National Citizen Service (NCS) has launched a new campaign film tracking the stories of graduates of the programme in a bid to demonstrate the potentially life-changing impact of the programme. The Our Future film also encourages other graduates to share their experience of the social action programme.


New Department for Education figures show that academies are stockpiling cash reserves worth almost £2.5bn – more than £550,000 per school. The Guardian reports that the figures, released in response to parliamentary questions, show that the reserves are worth more than the combined £2.18bn held by local authority maintained schools.

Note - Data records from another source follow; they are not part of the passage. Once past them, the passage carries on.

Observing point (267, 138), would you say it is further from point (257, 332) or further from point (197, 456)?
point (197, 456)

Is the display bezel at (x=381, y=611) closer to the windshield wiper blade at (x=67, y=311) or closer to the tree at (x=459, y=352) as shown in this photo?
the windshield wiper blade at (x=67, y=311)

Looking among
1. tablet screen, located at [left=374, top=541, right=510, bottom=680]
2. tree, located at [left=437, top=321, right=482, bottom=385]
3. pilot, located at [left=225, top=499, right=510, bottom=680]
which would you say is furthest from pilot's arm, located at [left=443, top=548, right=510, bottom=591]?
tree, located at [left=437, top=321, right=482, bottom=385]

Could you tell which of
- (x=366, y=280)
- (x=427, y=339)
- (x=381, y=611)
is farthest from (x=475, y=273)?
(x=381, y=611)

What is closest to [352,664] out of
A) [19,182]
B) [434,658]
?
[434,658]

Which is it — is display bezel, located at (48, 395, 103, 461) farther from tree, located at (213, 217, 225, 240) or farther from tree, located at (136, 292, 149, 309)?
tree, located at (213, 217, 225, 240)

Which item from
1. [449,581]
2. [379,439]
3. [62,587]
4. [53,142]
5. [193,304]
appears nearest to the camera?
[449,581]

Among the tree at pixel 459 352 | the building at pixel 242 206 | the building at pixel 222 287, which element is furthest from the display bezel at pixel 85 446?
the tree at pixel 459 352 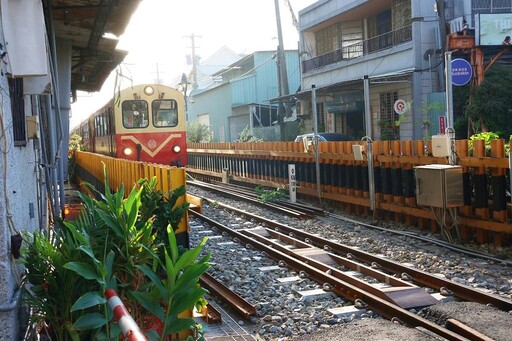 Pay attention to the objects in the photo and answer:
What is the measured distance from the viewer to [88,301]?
3807mm

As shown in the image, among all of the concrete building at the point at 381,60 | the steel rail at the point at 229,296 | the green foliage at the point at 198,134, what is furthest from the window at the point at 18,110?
the green foliage at the point at 198,134

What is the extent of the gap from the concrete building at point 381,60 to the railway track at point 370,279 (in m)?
9.13

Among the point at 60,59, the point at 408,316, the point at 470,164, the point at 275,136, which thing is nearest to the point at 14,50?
the point at 408,316

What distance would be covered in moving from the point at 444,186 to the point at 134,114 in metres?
10.2

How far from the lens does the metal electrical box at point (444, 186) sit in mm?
10297

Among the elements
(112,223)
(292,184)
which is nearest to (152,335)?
(112,223)

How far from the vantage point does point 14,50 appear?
15.3 feet

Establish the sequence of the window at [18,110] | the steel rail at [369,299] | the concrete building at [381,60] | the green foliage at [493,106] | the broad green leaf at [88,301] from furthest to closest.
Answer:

Deputy Prime Minister, Nick Clegg has included plans to end child illiteracy by 2025 in the Liberal Democrat manifesto. The party have also backed a national campaign by Save the Children, which aims to get all children reading and writing to a good standard by the age of 11, the Independent reports. The 2025 target has been set by the charity after finding one in five children who leave primary school are unable to read and write properly.


Nearly half of young teachers feel they have been subject to discrimination because of their age, a survey has found. The poll, taken at a conference organised by the NASUWT union also found two-thirds of young teachers had experienced bullying or harassment. According to the Times, around 200 teachers under aged 30 took part in the poll and Chris Keates, general secretary of NASUWT described the results as “deeply worrying”.


Research by the Joseph Rowntree Foundation has found families with children are the most likely group in the UK to have less money than they need to live on. The BBC reports in the five years leading up to 2013, the number of families living on inadequate income rose by a third, with researchers blaming benefit cuts and little economic growth. However the government has argued the data does not present the true measure of poverty.


A social network linked to teenage suicides has appointed a panel of internet and child safety experts to crack down on cyberbullying. Ask.fm was condemned for failing to protect teenagers who got abusive messages encouraging them to harm themselves, reports the Times. It has now appointed an advisory board that includes John Carr, secretary of the Children’s Charities’ Coalition on Internet Safety, and Anne Collier, author of A Parents’ Guide to Facebook.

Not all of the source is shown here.